Proprio sui molteplici aspetti della globalizzazione, molti sono stati gli interventi, tesi ad armonizzare le esigenze d’impresa con un mercato sempre più competitivo e che sempre più spesso si manifesta attraverso dinamiche talvolta invisibili, portando i relatori a parlare di globalizzazione immateriale. Intesa come possibilità di usare le competenze acquisite nelle singole esperienze su una più vasta scala, immettendo nel circuito locale idee ed esperienze raccolte in attività di respiro internazionale.
Delle competenze acquisite e del modo di renderle funzionali all’attività d’impresa, soprattutto nella dimensione sovranazionale, ha anche parlato Giorgio Trevisi, Responsabile Assocamerestero per l’Area Patto Andino e Centro America. Soffermandosi sulla capacità di intercettare le esigenze dei mercati, attraverso l’analisi delle esperienze, del retaggio culturale messo al servizio del business, Trevisi ha sostenuto che nell’era della globalizzazione, le prime aziende ad aver capito che il retaggio culturale – quello europeo, nella fattispecie in America Latina- può diventare un modello di business vincente sono state le grandi aziende, le multinazionali. Basti vedere quanto accaduto alla pizza piuttosto che al caffè. Intuizione determinata forse dal fatto che si tratta di strutture globali, che si muovono nel mando con una capacità spiccata di intercettare e anticipare le tendenze culturali e del mercato. “Hanno capito come intervenire anche sulle nuove esigenze primarie dei popoli, a partire dalle fasc.e povere, cioè dalle masse, consumatrici di prodotti a basso costo” E a questo proposito Trevisi porta un esempio chiaramente indicativo di questi nuovi percorsi: “Chi non ha abbastanza risorse finanziarie non ha soldi neanche per curarsi, per cui preferisce comprare prodotti a basso costo che gli permettono di allontanare il rischio di insorgenza di malattie.
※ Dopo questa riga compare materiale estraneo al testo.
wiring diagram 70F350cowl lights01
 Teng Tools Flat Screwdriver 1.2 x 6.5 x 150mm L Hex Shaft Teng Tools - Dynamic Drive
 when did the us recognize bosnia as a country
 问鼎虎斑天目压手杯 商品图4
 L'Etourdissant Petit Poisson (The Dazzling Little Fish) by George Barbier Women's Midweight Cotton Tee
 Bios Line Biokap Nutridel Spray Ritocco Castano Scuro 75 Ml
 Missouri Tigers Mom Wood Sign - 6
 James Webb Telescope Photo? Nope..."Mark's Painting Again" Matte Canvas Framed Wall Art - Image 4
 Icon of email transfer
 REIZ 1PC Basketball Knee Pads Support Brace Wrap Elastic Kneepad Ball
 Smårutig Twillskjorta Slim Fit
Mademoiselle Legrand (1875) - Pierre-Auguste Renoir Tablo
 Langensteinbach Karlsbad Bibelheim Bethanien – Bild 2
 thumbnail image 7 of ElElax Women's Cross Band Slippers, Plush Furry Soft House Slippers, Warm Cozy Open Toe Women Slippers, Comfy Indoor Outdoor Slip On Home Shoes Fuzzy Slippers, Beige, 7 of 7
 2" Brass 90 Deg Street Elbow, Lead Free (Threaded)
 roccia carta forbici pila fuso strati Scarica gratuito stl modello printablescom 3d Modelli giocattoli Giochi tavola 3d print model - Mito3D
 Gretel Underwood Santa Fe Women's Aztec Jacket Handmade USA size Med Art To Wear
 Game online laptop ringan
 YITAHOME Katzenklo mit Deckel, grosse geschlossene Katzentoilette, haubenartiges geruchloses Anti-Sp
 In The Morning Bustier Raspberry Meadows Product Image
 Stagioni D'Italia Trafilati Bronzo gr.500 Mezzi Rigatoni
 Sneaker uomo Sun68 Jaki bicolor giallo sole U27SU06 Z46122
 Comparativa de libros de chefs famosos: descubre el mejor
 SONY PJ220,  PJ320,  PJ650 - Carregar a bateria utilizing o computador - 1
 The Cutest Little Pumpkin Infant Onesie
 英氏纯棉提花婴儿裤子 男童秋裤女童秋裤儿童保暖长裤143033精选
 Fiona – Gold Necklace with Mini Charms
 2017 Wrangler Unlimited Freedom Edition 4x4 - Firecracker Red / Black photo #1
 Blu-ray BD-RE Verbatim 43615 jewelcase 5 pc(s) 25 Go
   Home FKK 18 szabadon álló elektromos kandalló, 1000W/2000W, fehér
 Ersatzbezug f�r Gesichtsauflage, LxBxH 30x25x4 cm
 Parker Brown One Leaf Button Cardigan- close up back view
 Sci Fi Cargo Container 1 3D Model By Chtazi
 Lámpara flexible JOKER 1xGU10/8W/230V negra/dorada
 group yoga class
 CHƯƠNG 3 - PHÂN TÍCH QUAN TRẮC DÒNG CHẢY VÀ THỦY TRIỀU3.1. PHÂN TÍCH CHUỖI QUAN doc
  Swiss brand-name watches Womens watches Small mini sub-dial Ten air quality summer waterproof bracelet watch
In tutti quei casi si lavora sulla necessità non già di acquistare il piacere, quanto piuttosto di acquistare la salute”.
Si è tornati sugli aspetti legati all’internazionalizzazione delle aziende italiane, inteso non solo come approdo stabile, non episodico, delle PMI italiane all’estero, ma anche come modello organizzativo, più razionale e adeguato per stare sui mercati: “La mentalità delle piccole imprese non è adatta al mercato internazionale, riducono l’internazionalizzazione in termini di commercializzazione” sostiene Nicola Caprioni, Presidente della Camera di Commercio Italiana di Nizza, che ‘suggerisce’ la politica dei piccoli passi.
Sono stati questi i temi che hanno caratterizzato i lavori del XVI Convention Mondiale delle Camere di Commercio Italiane all’Estero, che ha rinviato ad una valutazione delle strategie discusse alla Convention del prossimo anno che si terrà a Rimini. Temi che sono stati analizzati da molteplici punti di vista ma che hanno portato all’unanime conclusione che la strada da seguire per competere sui mercati internazionali è senza dubbio la capacità di immettere nel circuito “progetti sfidanti”, in grado di risultare vincenti grazie alle idee ed alla capacità di affrontare le sfide della globalizzazione del XXI secolo.